Some commentators predicted that the court might take on the rehearing because the decision upset a body of law prohibiting such FDCPA claims. See, e.g., Inside ARM blog here, and Bankruptcy Law Blog here. Specifically, the Crawford decision conflicts with Walls v. Wells Fargo Bank, N.A., 276 F. 3d 502 (9th Cir. 2002), where the court found that the Bankruptcy Code preempts the FDCPA and that, therefore, the debtor’s remedy for violation of the discharge injunction was limited to contempt under section 105 of the Bankruptcy Code.

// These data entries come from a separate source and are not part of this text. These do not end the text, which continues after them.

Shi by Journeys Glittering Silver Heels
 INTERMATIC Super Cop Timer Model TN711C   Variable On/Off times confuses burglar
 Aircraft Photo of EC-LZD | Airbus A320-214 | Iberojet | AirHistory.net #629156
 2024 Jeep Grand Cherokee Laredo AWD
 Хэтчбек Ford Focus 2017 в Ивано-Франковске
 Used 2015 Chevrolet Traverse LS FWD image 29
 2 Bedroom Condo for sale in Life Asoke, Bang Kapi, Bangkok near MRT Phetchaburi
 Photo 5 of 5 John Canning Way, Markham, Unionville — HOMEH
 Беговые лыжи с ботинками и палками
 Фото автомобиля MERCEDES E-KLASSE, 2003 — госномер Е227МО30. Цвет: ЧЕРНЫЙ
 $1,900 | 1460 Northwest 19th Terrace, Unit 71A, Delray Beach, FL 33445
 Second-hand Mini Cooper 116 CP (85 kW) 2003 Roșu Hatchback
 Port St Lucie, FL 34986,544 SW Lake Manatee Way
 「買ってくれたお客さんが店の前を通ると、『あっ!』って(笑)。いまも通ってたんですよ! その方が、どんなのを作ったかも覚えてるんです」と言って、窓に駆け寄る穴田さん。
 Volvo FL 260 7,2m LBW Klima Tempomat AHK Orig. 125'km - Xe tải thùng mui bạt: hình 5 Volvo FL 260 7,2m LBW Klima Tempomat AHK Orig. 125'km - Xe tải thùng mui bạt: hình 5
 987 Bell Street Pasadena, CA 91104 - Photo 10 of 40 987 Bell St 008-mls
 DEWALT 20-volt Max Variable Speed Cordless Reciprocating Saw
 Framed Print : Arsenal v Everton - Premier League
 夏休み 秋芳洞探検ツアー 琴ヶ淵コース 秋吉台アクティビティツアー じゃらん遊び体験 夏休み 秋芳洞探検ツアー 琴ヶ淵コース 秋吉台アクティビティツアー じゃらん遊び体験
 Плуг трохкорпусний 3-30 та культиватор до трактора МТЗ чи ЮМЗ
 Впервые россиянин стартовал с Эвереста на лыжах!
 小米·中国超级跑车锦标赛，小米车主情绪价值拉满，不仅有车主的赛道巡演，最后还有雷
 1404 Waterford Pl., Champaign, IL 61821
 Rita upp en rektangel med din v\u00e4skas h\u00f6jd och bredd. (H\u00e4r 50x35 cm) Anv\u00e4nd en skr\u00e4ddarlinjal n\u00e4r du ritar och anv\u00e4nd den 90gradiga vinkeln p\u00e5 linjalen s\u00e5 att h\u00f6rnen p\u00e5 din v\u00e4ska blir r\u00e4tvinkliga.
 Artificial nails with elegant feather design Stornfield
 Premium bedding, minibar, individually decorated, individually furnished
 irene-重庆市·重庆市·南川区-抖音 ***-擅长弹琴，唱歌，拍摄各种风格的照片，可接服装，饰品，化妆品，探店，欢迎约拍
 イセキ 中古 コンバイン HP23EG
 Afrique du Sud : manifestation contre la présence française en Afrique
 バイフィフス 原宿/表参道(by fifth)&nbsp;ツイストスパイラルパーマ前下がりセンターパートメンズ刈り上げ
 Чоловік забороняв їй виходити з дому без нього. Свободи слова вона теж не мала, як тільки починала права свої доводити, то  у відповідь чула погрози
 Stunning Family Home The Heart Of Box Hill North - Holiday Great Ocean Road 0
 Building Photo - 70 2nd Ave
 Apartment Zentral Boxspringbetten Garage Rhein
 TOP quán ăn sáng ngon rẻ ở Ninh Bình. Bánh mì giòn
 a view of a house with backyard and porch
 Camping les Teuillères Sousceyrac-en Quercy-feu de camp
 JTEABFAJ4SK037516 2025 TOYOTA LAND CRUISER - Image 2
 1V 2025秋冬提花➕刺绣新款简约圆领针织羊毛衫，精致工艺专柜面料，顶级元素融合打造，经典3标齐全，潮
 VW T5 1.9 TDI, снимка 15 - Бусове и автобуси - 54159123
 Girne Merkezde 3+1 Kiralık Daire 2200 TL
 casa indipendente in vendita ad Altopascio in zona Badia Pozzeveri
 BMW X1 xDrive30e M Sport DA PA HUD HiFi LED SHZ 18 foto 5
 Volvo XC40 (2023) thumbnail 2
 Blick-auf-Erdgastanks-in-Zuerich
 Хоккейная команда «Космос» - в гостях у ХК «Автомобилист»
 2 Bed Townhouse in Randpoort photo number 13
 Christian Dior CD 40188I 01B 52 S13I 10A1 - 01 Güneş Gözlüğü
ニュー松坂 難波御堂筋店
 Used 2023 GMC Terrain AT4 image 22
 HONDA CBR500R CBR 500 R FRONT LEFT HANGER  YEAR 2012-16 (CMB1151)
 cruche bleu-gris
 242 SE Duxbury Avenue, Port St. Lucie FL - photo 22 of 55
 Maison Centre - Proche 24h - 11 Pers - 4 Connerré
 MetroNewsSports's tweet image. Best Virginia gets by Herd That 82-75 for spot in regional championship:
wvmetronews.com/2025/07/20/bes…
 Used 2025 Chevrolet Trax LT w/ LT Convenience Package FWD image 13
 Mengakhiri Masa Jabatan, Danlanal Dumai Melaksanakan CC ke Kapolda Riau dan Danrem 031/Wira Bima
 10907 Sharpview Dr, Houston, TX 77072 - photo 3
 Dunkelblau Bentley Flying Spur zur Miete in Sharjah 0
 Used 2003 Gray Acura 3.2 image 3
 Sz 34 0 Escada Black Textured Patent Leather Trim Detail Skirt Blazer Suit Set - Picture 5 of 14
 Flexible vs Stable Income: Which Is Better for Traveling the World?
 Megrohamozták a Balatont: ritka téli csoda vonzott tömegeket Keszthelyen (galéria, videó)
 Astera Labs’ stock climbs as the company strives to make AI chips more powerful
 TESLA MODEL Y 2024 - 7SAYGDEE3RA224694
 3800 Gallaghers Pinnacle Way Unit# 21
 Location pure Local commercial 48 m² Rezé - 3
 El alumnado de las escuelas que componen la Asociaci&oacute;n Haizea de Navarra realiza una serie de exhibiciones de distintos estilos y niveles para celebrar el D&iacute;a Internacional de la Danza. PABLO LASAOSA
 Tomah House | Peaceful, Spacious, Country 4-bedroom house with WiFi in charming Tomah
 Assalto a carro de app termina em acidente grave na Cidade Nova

In Crawford, the court side-stepped the question of preemption stating: “Some circuits hold that the Bankruptcy Code displaces the FDCPA in the bankruptcy context. See Simmons v. Roundup Funding, LLC, 622 F.3d 93, 96 (2d Cir. 2010); Walls v. Wells Fargo Bank, N.A., 276 F.3d 502, 510 (9th Cir. 2002). Other circuits hold the opposite. See Simon v. FIA Card Ser., N.A., 732 F.3d 259, 271−74 (3d Cir. 2013); Randolph v. IMBS, Inc., 368 F.3d 726, 730−33 (7th Cir. 2004). In any event, we need not address this issue because LVNV argues only that its conduct does not fall under the FDCPA or, alternatively, did not offend the FDCPA’s prohibitions. LVNV does not contend that the Bankruptcy Code displaces or “preempts” §§ 1692e and 1692f of the FDCPA.”